Terzi Vittorio

25 novembre 1888 - [?]

Note sintetiche

Occupazione: Sacerdote

Scheda

Vittorio Terzi, da Giovanni e Anna Riccardi; nato il 25 novembre 1888 a Bologna; ivi residente nel 1943. Gesuita.
Nel 1942 venne nominato cappellano delle aziende Pignone, Galileo, Manifattura tabacchi, ma operò in particolare per i dipendenti dell'Azienda nettezza urbana di Firenze. La sua naturale spontaneità, il suo immediato contatto con le persone gli facilitarono il compito con gli operai organizzando per loro attività ricreative e culturali. Per questa sua prodigalità verso le categorie più bisognose, divenne un «sorvegliato speciale del fascismo» tanto da costringerlo a limitare la sua attività.
Diresse contemporaneamente l'Opera per i ragazzi del popolo sino al 25 settembre 1943, quando un bombardamento danneggiò fortemente i locali del collegio.

Su proposta del cardinale Della Costa, il Collegio divenne rifugio di ebrei polacchi e cecoslovacchi che, con l'aiuto di militare italiani, attraverso la Francia erano riusciti a sfuggire alle persecuzioni.
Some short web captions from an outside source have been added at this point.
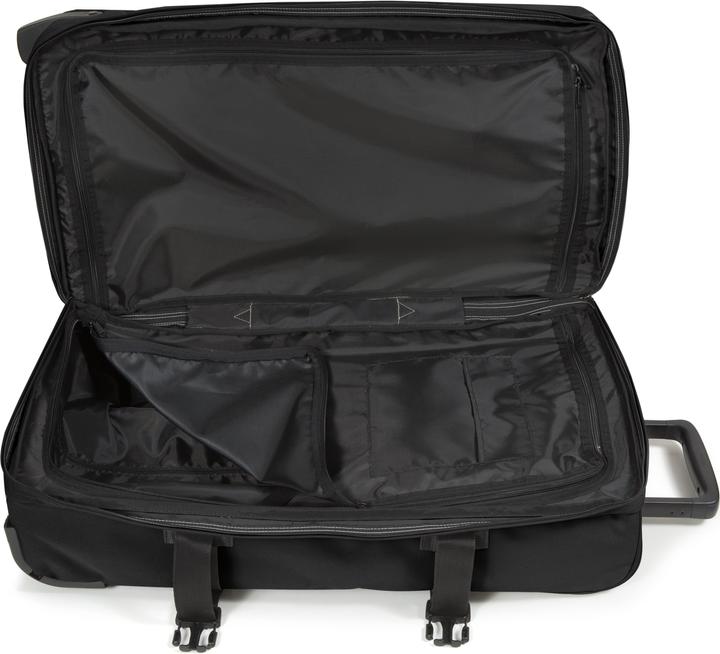 Image du produit Eastpak Tranverz (78 l, M (50 - 90l))
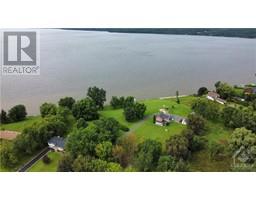 1178 BAY ROAD, l'orignal, Ontario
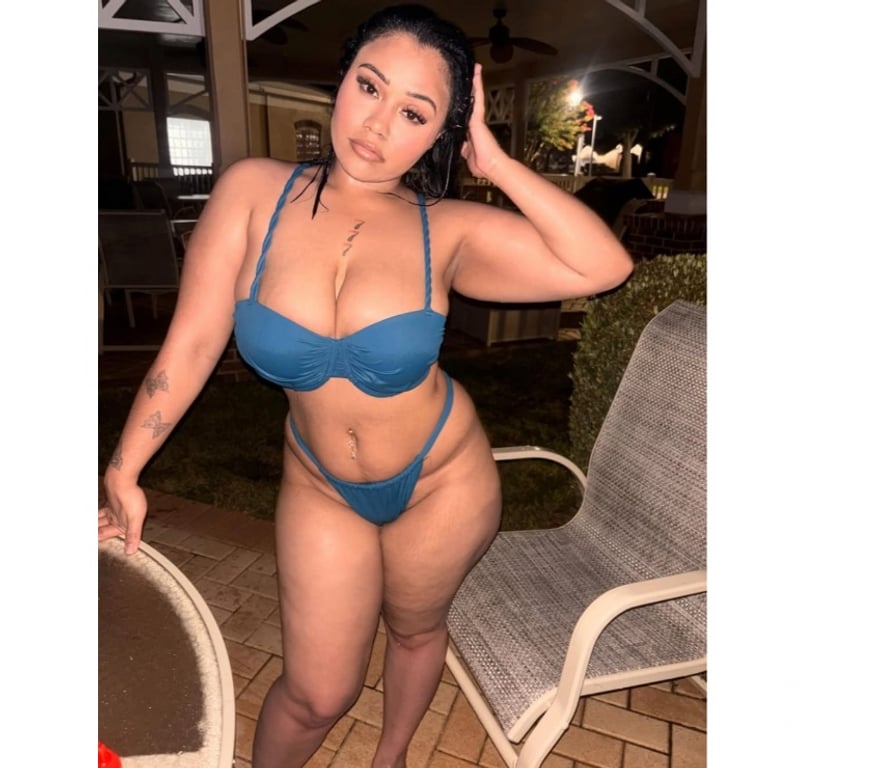 Escorts Barking and Dagenham Barking - Barking and Dagenham - Photos for PARTY EBONY THICK LIGHT SKIN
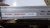 1998 Toyota Camry 86280AA021 Used OEM Audio Amplifier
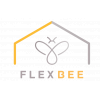FlexBee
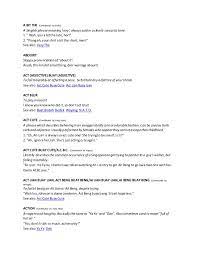 Agad na isinasalin ng libreng serbisyo ng google ang mga salita, parirala, at web page sa mahigit 100 pang wika mula sa english. Broken English Dictionary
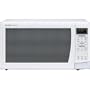 HA SH R-530EW WHITE 1200 WATT (Sharp R530EW) (MICOVEN R530EW)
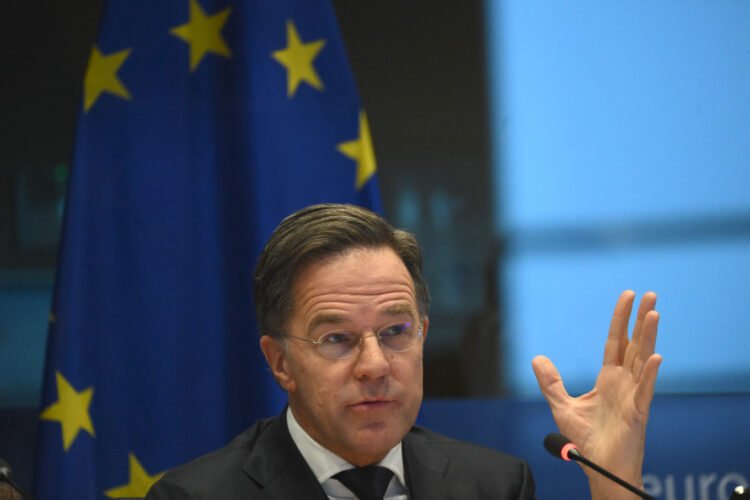 NATO, top Republicans question US troop withdrawal from Germany – Europe
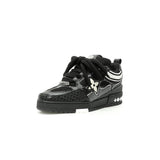 Louis Vuitton Skate Trainer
Su delazione, il rifugio venne scoperto e tutti gli ospiti furono catturati. Nonostante le proteste del Cardinale Della Costa, nessun ebreo potè essere liberato. Ricercato dalla polizia fascista, nella primavera 1944 venne a Bologna per una serie di conferenze al clero.
A seguito del bombardamento della Direttissima Bologna-Firenze, rimase ospite di villa San Giuseppe sino alla Liberazione della città. Incominciò ad avere contatti con Pier Raimondo Manzini e, tramite Manzini, conobbe Paolo Fortunati con il quale ebbe discussioni «sempre franche e serene sui grandi problemi del mondo moderno e sull'impegno dei cattolici nella lotta resistenziale e politica».
A San Luca incontrò Giuseppe Dozza, che gli fu presentato con lo pseudonimo di Ducati. Nel frattempo Villa San Giuseppe e il Santuario di San Luca divennero luogo per sfollati e ricercati, nonostante la presenza dei tedeschi. Si occupò in particolare dei rastrellati toscani e, in contatto con don Giulio Salmi, riuscì a far evadere dalle Caserme rosse un rastrellato fiorentino, padre di famiglia, poi ospite presso una famiglia bolognese sino alla liberazione.
Con Manzini insistette perché "L'Avvenire d'Italia" sospendesse le pubblicazioni e perché venisse smontata tutta l'attrezzatura del quotidiano per evitare che altri potessero impossessarsene. Nonostante il pericolo di essere accusati dai nazifascisti di sabotaggio, ritenne che fosse necessario correre il pericolo per «liberare la nostra responsabilità di fronte al pubblico cattolico soprattutto per non essere accusati di collaborazionismo». [AQ] Testimonianza in RB1.